In the screenshot above, note also the helpful hint that it’s a very very good idea to keep an account as a cloud-only login (i.e. were the account is in Azure AD only). You wouldn’t want to be in a situation where your administrative accounts were all on-premises in the event of a failure of the on-premises environment.
Let’s also enable the single sign-on option. Obviously in a live environment, there would be one of two things to think about before going ahead, but then this is currently a preview feature and you shouldn’t be using it in production!
There are some configuration changes that need to be made to the on-premises AD for single sign-on to work, and the wizard is going to help us out here.
With that, the final page of the wizard is just a summary of the changes that are to be made.
Here’s the agent being installed:
With all that excitement out the way, we tried logging in to the usual Office 365 resources. It just worked!
One of the changes made to Office 2013 and 2016 is the addition of “modern authentication”. Without going into detail about what modern authentication is, the best illustration is the user’s experience with a familiar-looking dialogue box.
This is the traditional login box. It merely asks for a username and password. If we wanted to introduce something like multi-factor authentication (MFA), where perhaps some more interaction is required, this dialogue box (to say nothing of the protocols and technology behind it) is not much good.
Let’s contrast this with the look and feel once modern authentication is turned on, and with multi-factor authentication switched on for the user. Incidentally, Microsoft’s implementation of MFA in the Enterprise Mobility + Security suite is very convenient for the user when set up.
With Office 2013, the feature needs to be turned on at the client (registry or group policy) and with Office 2016 it’s on by default.
Modern authentication also needs to be turned on for some Office 365 services. At the moment, it’s off by default in Exchange Online and Skype for Business Online, but on by default in Sharepoint Online. These defaults are obviously subject to change.
With that done, we’re now ready to test whether pass-through authentication is really working. Let’s temporarily turn off the machine that’s running Azure AD Connect. In our demo environment, this will break authentication for our test user.

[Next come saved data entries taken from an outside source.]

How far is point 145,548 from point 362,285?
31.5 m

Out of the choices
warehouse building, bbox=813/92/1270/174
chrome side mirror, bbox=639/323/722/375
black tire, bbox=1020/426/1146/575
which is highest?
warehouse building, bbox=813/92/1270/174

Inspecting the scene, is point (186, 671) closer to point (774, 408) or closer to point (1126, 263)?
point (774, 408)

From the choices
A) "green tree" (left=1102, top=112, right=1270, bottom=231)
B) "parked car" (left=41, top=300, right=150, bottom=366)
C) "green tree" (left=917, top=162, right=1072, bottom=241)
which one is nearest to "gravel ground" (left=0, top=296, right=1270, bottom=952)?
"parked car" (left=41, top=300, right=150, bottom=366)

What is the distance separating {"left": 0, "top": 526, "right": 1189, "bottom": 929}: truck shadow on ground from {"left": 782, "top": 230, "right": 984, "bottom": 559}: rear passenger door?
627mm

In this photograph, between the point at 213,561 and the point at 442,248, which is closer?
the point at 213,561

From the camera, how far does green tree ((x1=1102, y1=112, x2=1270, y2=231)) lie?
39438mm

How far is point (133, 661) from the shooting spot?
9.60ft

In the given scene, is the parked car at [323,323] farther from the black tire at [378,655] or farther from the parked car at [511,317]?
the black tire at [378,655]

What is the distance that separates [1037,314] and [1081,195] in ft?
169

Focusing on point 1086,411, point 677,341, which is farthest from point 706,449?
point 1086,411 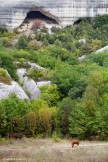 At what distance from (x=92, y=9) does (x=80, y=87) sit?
29574mm

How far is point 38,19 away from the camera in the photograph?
63.6 metres

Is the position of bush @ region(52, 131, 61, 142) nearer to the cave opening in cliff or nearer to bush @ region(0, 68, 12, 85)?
bush @ region(0, 68, 12, 85)

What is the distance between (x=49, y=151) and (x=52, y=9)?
3916 centimetres

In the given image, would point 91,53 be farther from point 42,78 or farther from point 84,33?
point 42,78

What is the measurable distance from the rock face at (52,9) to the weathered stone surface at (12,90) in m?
27.7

Indeed, authentication doesn’t work anymore. We even get a helpful error message. Turning our AAD Connect machine back on immediately fixes the problem.

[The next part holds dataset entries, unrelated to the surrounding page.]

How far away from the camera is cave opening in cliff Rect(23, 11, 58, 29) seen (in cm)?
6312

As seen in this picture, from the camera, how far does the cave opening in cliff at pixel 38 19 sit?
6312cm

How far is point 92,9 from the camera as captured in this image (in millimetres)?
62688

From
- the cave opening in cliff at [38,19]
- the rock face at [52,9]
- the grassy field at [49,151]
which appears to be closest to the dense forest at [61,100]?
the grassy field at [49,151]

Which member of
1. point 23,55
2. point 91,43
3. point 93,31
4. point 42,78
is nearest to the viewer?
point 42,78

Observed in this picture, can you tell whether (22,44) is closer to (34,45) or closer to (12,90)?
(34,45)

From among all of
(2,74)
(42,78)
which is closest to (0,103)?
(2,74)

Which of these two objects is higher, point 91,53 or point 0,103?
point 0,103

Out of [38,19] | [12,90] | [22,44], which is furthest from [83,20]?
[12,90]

The next step in making the infrastructure more resilient is to deploy additional connectors. The wizard and documentation cover this and it’s a simple process. The connector is a very lightweight piece of software that could quite happily run on domain controllers in a few branch offices.
This will provide resilience against a single office’s internet link going down.
Anyone who’s deployed AD FS (Federation Services) to achieve the same goal can see how much simpler this approach is.
That’s the end of our walk-through. We will continue to test this option internally during the preview phase. If you’re thinking of deploying AD FS purely for Office 365 use, you may well want to hold off and evaluate pass-through authentication instead.